When choosing a GPU for local AI—especially for running local LLMs—most people initially look at:
- GPU core count
- FLOPS
- Product tier (RTX vs workstation cards)
But after actually running local models, nearly everyone hits the same wall:
“The GPU is fast, but the model doesn’t even fit.”
That’s when a key realization appears:
👉 For local AI deployment, VRAM often matters more than GPU core count.



One-Sentence Takeaway
The first requirement for local AI is not compute speed—it’s whether the model can fully fit into GPU memory.
If it doesn’t fit, performance becomes irrelevant.
What Resources Does Local AI Actually Consume?
It’s not just compute—it’s memory capacity
For local AI (especially LLM inference), the GPU must do two things:
- Store the model
- Execute inference
📌 If the model cannot fully reside in VRAM,
step 2 never really happens in a usable way.
A Common Misconception: More Cores = Bigger Models ❌
Many people assume:
“More GPU cores → stronger GPU → larger models”
This assumption may hold for training,
but it often fails for local inference.
What Must Fit in VRAM During LLM Inference?


During inference, VRAM must simultaneously hold:
- Model weights
- Intermediate activations
- KV cache (token history)
- Framework and runtime buffers
👉 These are hard requirements, not optional optimizations.
Why Insufficient VRAM Breaks Local AI
Scenario 1: Not Enough VRAM
- Model fails to load
- Out-of-memory (OOM) errors
- Forced CPU fallback (performance collapses)
Scenario 2: Enough VRAM
- Model loads fully
- Inference is stable
- Performance matches expectations
📌 This is the difference between
“usable” and “non-functional.”
Quantization Helps—but It’s Not a Cure-All
You may hear about:
- 8-bit
- 4-bit
- GGUF / GPTQ formats
Quantization can reduce VRAM usage, but:
- Accuracy may drop
- Some models don’t quantize well
- KV cache still consumes memory
👉 Quantization is a tool, not a guarantee.
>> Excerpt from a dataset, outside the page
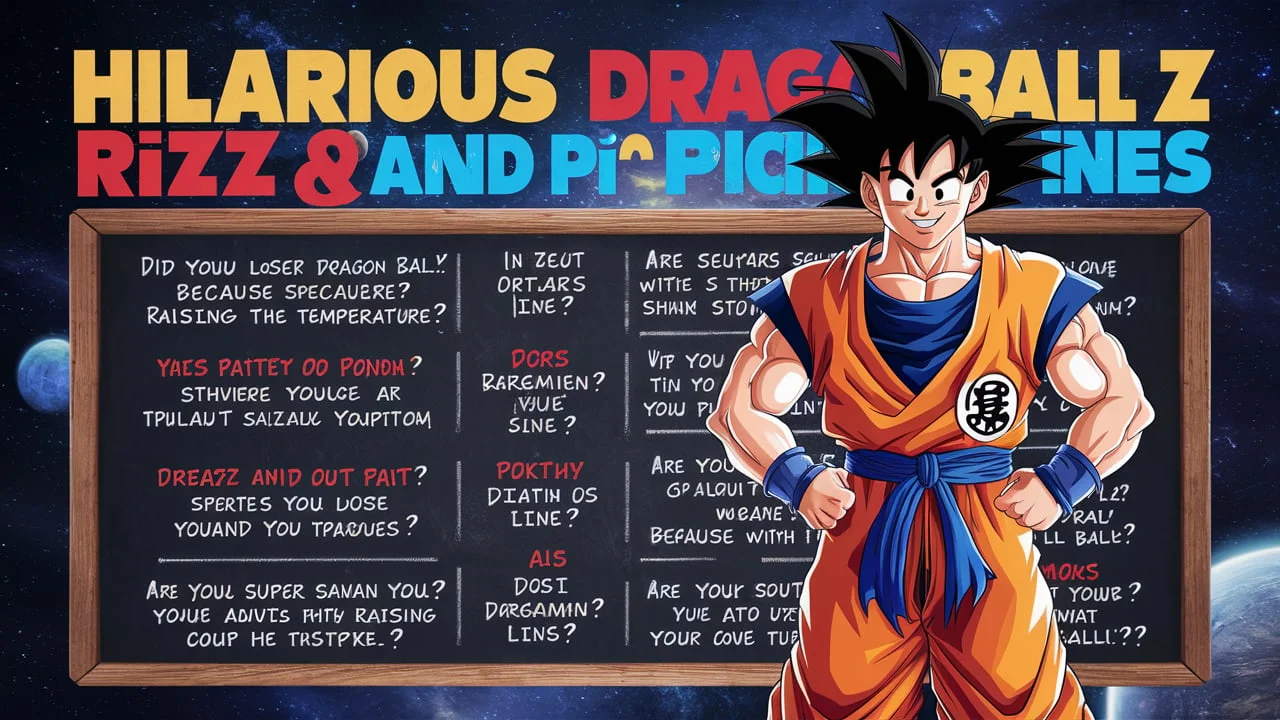 Hilarious Dragon Ball Z Rizz & Pickup Lines to Impress Your Crush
A Practical Comparison Example
GPU A
- 10,000 cores
- 8 GB VRAM
GPU B
- 5,000 cores
- 24 GB VRAM
For local LLM inference:
👉 GPU B is almost always the better choice
Why?
- GPU A: model may not load at all
- GPU B: model fits fully and runs smoothly
Why Core Count Has Diminishing Returns for Inference
LLM inference characteristics:
- Tokens are generated sequentially
- Limited parallelism per request
- Cores often wait on memory, not computation
👉 More cores ≠ linear speedup for local inference.
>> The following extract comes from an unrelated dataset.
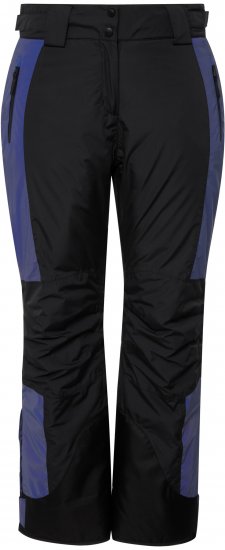 Ulla Popken Ski Pants Reflector Waterproof Velcro Closure Snow Gaiter Black - Kavbojke & Hlače v Velikih Številkah – Plus Size -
How VRAM Impacts Local AI (At a Glance)
| Factor | VRAM Impact |
|---|---|
| Model load success | Critical |
| OOM risk | Direct |
| Max model size | Decisive |
| Context length | Strong |
| Inference stability | Very high |
| User experience | Massive |
Practical VRAM Guidelines for Local LLM Inference
Assumes single-user, local inference:
| VRAM | Practical Capability |
|---|---|
| 8 GB | Very small models only |
| 12 GB | 7B (heavily quantized) |
| 16 GB | 7B comfortably |
| 24 GB | 7B/8B easily, 13B (quantized) |
| 48 GB+ | 13B+, long context windows |
📌 More VRAM = more freedom and stability.
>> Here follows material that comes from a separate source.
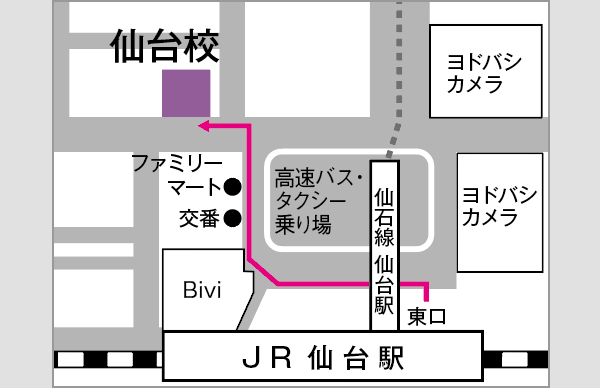 仙台校地図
When Does Core Count Actually Matter?
GPU core count becomes critical when:
- Training models
- Large-batch inference
- High-concurrency serving
- Chasing maximum tokens/sec
👉 These are not typical personal or local AI scenarios.
One Sentence to Remember
For local AI, the first hurdle is not speed—it’s whether the model fits.
Final Conclusion
In local AI deployment—especially LLM inference—VRAM is the floor, while core count is the ceiling.
- Insufficient VRAM → unusable system
- Adequate VRAM → performance discussion becomes meaningful
If your goal is:
- Local LLMs
- Personal AI assistants
- RAG and document QA
👉 Prioritize VRAM above everything else.